■ Problem details ■
Transcribe the data exactly, omitting whatever pictures it holds.

Start of Data section

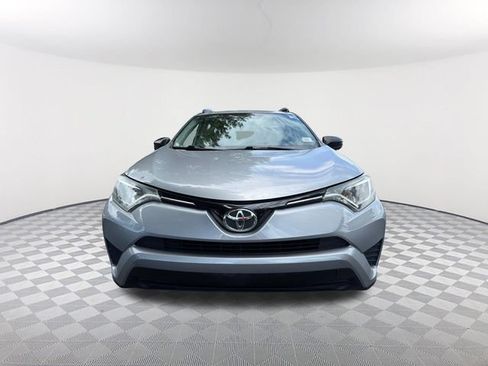 Used 2016 Toyota RAV4 LE FWD image 2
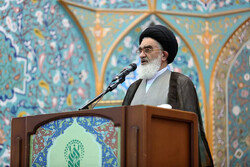 آمریکا با تحریم، نفوذ و تبلیغات برای خاموش کردن انقلاب اسلامی راه به جایی نمی برد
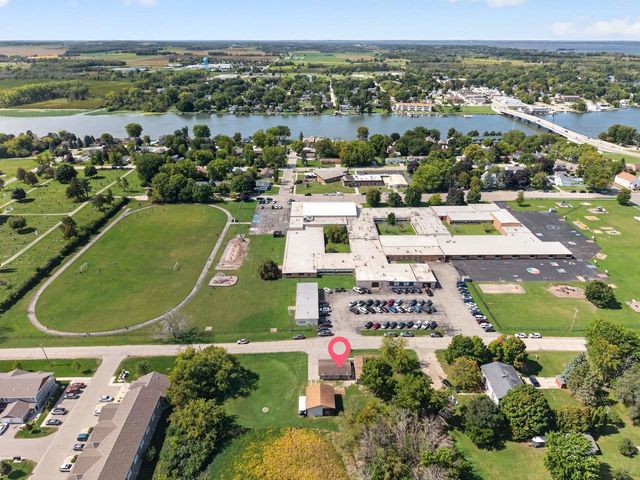 317 S 5TH AVENUE, Winneconne, WI 54986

End of Data section

■ Answer below ■
 Used 2016 Toyota RAV4 LE FWD image 2
 آمریکا با تحریم، نفوذ و تبلیغات برای خاموش کردن انقلاب اسلامی راه به جایی نمی برد
 317 S 5TH AVENUE, Winneconne, WI 54986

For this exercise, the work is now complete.